Se o negócio de Inácio fosse usado como termômetro das urnas, os números comprovariam também o que as pesquisas sobre intenção de voto já revelam: a toalha com a estampa do provável candidato do PT tem liderado as vendas por aqui. Antagônicos na política, similares nos preços: para levar para casa uma toalha estampada com o rosto de Lula ou Bolsonaro, ambos adornados com a faixa presidencial, o cliente eleitor deve desembolsar 35 reais.

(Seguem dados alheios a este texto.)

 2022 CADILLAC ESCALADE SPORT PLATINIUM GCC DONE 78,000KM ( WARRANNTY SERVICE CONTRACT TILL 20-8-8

Sem nenhuma rede social, Inácio soube através da esposa que a foto dos seus produtos tinha virado uma publicação em páginas de humor da capital. Ele, que se diz um sujeito “encabulado” – expressão nordestina para tímido – não tem preferência por nenhum partido e só lembra de votar no dia da eleição – mas acredita que as suas toalhas dão o tom do cenário da polarização política atual.
A clientela não tem exatamente um perfil específico: homens e mulheres, de todas as classes, raça e idade se arriscam às margens da BR para comprar o produto. O que deixa Inácio intrigado são as motivações: gente que vem de bairros distantes apenas para garantir uma peça, caminhoneiro que estaciona a fim de levar para casa, encomendas para presentes – e o mais inusitado: beijos e declarações das pessoas para uma peça de enxugar. “Um dia desses uma mulher veio, comprou uma, no outro dia voltou e comprou mais cinco do Bolsonaro”, contou o vendedor. “E já teve cliente que chorou beijando a foto do Lula”, revela.
No meio do plano de vendas de Inácio estão as eleições presidenciais, previstas para acontecer em outubro deste ano. O vendedor acredita que, até lá, as vendas tendem a ficar ainda mais aquecidas. Em tom despreocupado, enquanto a disputa eleitoral não acontece, Inácio segue torcendo apenas pelo seu próprio lucro. Diz já ter um nome preferido e sabe em quem vai votar – mas não conta para ninguém. “Vai estragar as vendas se eu revelar o meu segredo”, confidencia.